Cualquier iglesia que gire en torno a la personalidad del pastor o del líder del ministerio corren el riesgo de convertirse en una comunidad opresiva en la que los miembros ven coartada su libertad y los comportamientos son objeto de un escrutinio extremo por parte del líder. Estos son comportamientos que la iglesia debe evitar, ya que en uno u otro grado pueden llegar a convertirse en parte corriente de la vida de las comunidades eclesiales, llevando a que la iglesia se convierta en un ambiente tóxico en la que pueden suceder dos cosas: Las personas huirán con una imagen negativa del evangelio o se quedarán sometidas a un control despótico. El caso de Jonestown podría ser solamente un ejemplo extremo de algo que ya se viven en numerosas iglesias que son “pastor-céntricas”, algo que solo pudo haber sido exacerbado por el carácter psicópta o sociópata de Jim Jones.
El peligro de creer que está en nuestras manos dar cumplimiento definitivo a las promesas de Dios
En segundo lugar, las iglesias deben ser conscientes de que la esperanza del Reino de los Cielos es algo que solo puede realizarse de manera definitiva en Cristo y de acuerdo a su plan de salvación. Si bien el evangelio nos recuerda que uno de los signos visibles de la presencia de Cristo dentro de su iglesia es que esta produce frutos, “Por sus frutos los conocerán” Mateo 7:20, lo cual puede traducirse en manifestaciones palpables de la gracia como obras de piedad, luchas por transformaciones sociales en determinados contextos, como la lucha por la justicia, la denuncia del racismo y la opresión política y económica, así como acciones de solidaridad en las que las personas se comprometen por una vida mejor, más humana y más acorde a los valores del evangelio, el mensaje de Cristo no se agota en un contexto sociopolítico e histórico, y mucho menos está determinado a ser realizado en el cumplimiento de propósitos humanos ni de manera definitiva dentro de la historia humana.

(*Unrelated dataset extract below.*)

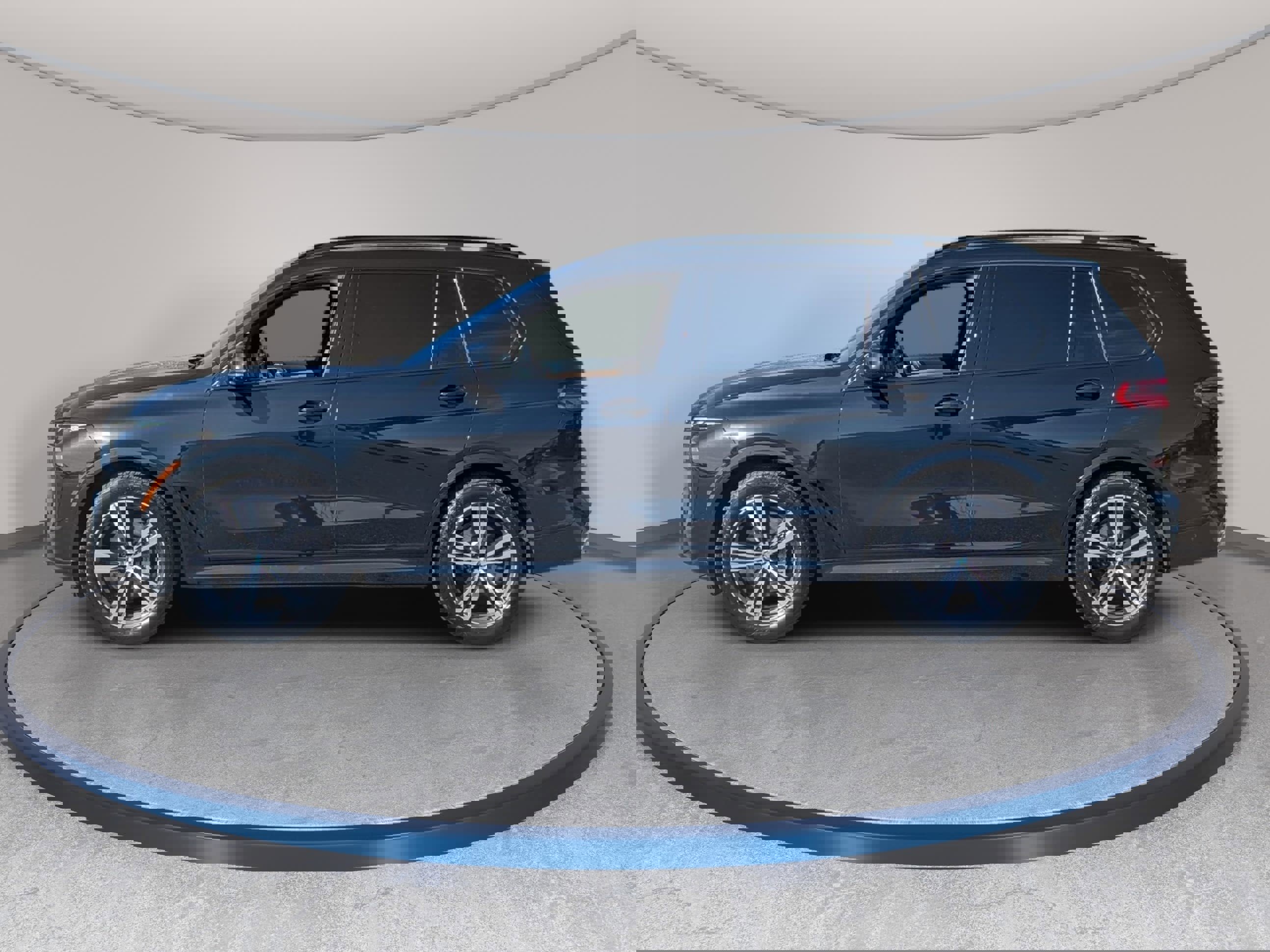 Used 2024 BMW X7 xDrive40i w/ M Sport Package image 8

El plan de salvación, si bien tiene un cumplimiento presente “ya está en vosotros”, también se encuentra en una tensión escatológica, por lo que aún no encuentra su cumplimiento definitivo en la historia y únicamente lo hallará por fuera de ésta, por medio de la voluntad soberana de Dios. En este sentido, la iglesia también debe ser consciente de su carácter peregrino (“Mi reino no es de este mundo”, Juan 18:36), en el que espera paciente y confiadamente en la voluntad de Dios. Los intentos de utopías (como las del pastor Jones, las de Thomas Muntzer y Melchor Hoffman), que intentan cumplir las promesas que solo pueden ser sustentadas por la voluntad de Dios, no son fiables ni se ajustan a las enseñanzas del evangelio. Tal y como se nos recuerda en el Evangelio de Mateo, solo el Padre sabe cuando será el tiempo del cumplimiento definitivo de sus promesas: “Pero de aquel día y hora nadie sabe, ni siquiera los ángeles del cielo, ni el Hijo, sino solo el Padre” (Mateo 24:32-36).
Hoy, 41 años después de la masacre de Jonestown conviene revisitar la historia y aprender de las lecciones del pasado. Cuando se trata de usurpar el lugar de Dios, los resultados son acciones y desastres muy contrarios a Su voluntad.